Rauchen in der Öffentlichkeit: dort, wo es gefiel
Ein Blick zurück zeigt, dass Rauchen in der Öffentlichkeit vor einigen Jahrzehnten noch ganz selbstverständlich war. Ob in Restaurants, in Büros oder auf U-Bahnhöfen – geraucht wurde, wo es gefiel. Ein Spiegel der Zeit vor der digitalen Revolution, vor der Schnelllebigkeit unseres heutigen Alltags? Was damals den Geruch von Freiheit verströmte, wirkt heute seltsam deplatziert. Und sorgt gleichzeitig für Aufsehen: Beim ZDF-Talk „Schulz & Böhmermann“ sind Trinken und Rauchen ausdrücklich erwünscht und zahlreiche Gäste kommen der Aufforderung nach – was bei der Erstausstrahlung in 2016 zu aufgebrachten Diskussionen führte. In den 80er-Jahren wäre das kein Thema gewesen: Ganz selbstverständlich zündeten sich Stars und Politiker im Fernsehen Pfeifen, Zigarren und Zigaretten an.

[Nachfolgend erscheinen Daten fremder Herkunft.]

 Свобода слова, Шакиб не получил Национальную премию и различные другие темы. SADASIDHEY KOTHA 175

Mit Facebook, Instagram oder Snapchat haben wir es mit einer anders gelagerten Öffentlichkeit zu tun. Wer hier Fotos von sich beim Rauchen in der Öffentlichkeit zeigt, ist unmittelbar den Kommentaren der Nutzer ausgesetzt. Manche setzen dieses Kalkül bewusst für die persönliche Selbstdarstellung ein – und polarisieren damit.
„Wenn ich auf Instagram Bilder mit einem Glas Grauburgunder in der Hand poste, neiden mir Menschen ein pseudo-glamouröses Leben“, schreibt Autorin Ronja von Rönne auf www.welt.de „Wenn ich eine Zigarette im Mund habe, rieselt es traurige Kommentare“. Wer die Alltagspraxis des Rauchens in der Öffentlichkeit oder in den sozialen Netzwerken für sich wählt, muss sich heute über seine Außendarstellung in der Gesellschaft bewusst sein. Die Person, die sich Zeit ihres Lebens im Bezug auf Rauchen nicht um die Meinungen anderer geschert hat, war Helmut Schmidt: Bekanntermaßen hat er sich entgegen allen Konventionen wann immer er wollte eine Zigarette angezündet.

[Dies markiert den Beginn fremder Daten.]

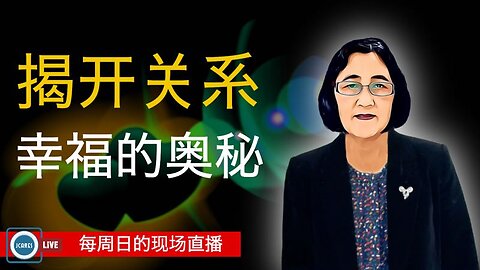 揭开关系幸福的奥秘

Wertewandel ist kein statischer Zustand
Heute sehen wir an Flughäfen spezielle Kabinen, in denen rauchende Menschen zusammenrücken, auf Bahnsteigen weisen farbige Markierungen Raucher in ihre Schranken. Wie konnte es zu diesem über Jahrzehnte hinweg stattfindenden Wandel der Akzeptanz des Rauchens in der Öffentlichkeit und in den Medien kommen? „Rauchen war und ist immer ein soziales Produkt und eine gesellschaftliche Herausforderung gleichermaßen“, weiß Kulturhistorikerin Melanie Aufenvenne, Autorin des Buches „Feuer gefällig?“ Rauchverbote bewirken ihrer Meinung nach kein Verschwinden dieser Alltagspraxis, sondern im Gegenteil, dem Rauchen werden klar zugeschriebene Orte vorgeben.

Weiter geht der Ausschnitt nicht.